THE DAY MY FATHER LEFT
I have been raised by my mother, my father wasn’t there. I don’t blame him at all, life just played its part and our paths went in different directions. When that happened my mother garnered all the strength and wisdom she could muster to raise us four children on her own.
The day my father left was horrible for everyone, my mother obviously felt it the worst. My brother’s Joe and My sister Loveness the older of the children also probably felt it more than my immediate elder brother Kay and Me. I think it is only right to say we all have different versions of that day.
I know most of them think I don’t remember much but actually I do. I see the images from that day like a solemn movie playing in my head. It might have been many years ago, but that memory is vivid like it’s all happening right now.
This is how I remember it:
As I am looking over, trying to find meaning behind it all, I see a little boy, a naïve little boy, barely three years old. There is a smile on his pale face and some childish pep to his walk.

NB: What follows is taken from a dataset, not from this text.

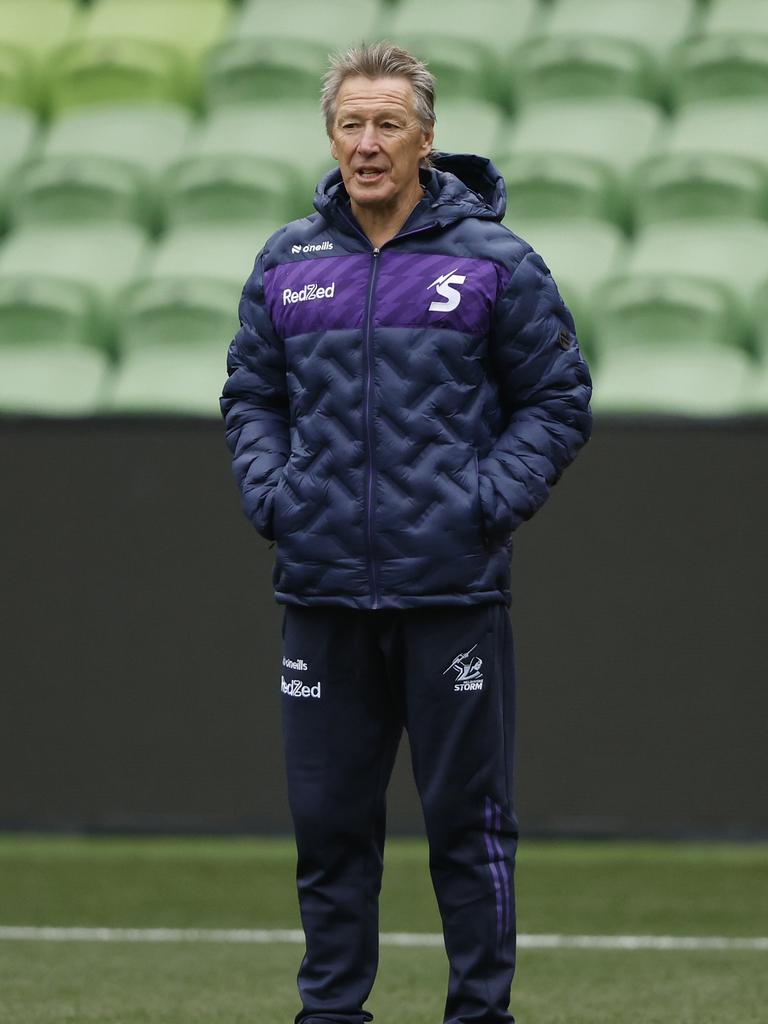 MELBOURNE, AUSTRALIA - JULY 19: Coach Craig Bellamy looks on during a Melbourne Storm NRL captain's run at AAMI Park on July 19, 2024 in Melbourne, Australia. (Photo by Darrian Traynor/Getty Images)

I see him walk into a funeral home. In his left hand he holds some “toffee” sweets, some candy that is wrapped in a red, gold and white paper. His left hand is held by a woman leading him into this lament filled environment. There is a sweet in his mouth.
The boy looks around the room and there are women lying on mats and some on the floor. Little soft sobs escape from the women and a faint smell of sweat and dust hits his nose.
The boy then spots his mother. She is sitting on a mat in the corner surrounded by other women. She notices him too. Her reddened eyes seem to water again and tears effortlessly fall on her sullen face.
She looks at the boy warmly and I see her open her arms for him to go to her. But the people there don’t want her to do that, they tell her not to call the boy. They hold him back for a minute.
However, the mother insists. Then she cries even louder when the boy eventually walks over to her. Her voice is like a crescendo as other women’s sobs turn into deep wailing screams.
She hugs him tightly and her tears stream even more. Her weeping however softens.
As naïve as the boy is he loves her embrace. It is warm, safe, and neat. It is the kind of embrace that assures that all will be fine and nothing should be allowed to dispel that. It is an embrace of hope, of belief. The kind of hug that when given has power to overhaul any burden.
The boy loves that hug. And he loves his mother for sharing that hug.
He loves the hug.
Because in that moment, even as naïve as the boy is, he knows that hug means a lot to his mother.
Yes I know it. I know it means a lot to her because she’s my mother. I’m that boy. And all this happened over 20 years ago on the day my father left us, the day of his funeral!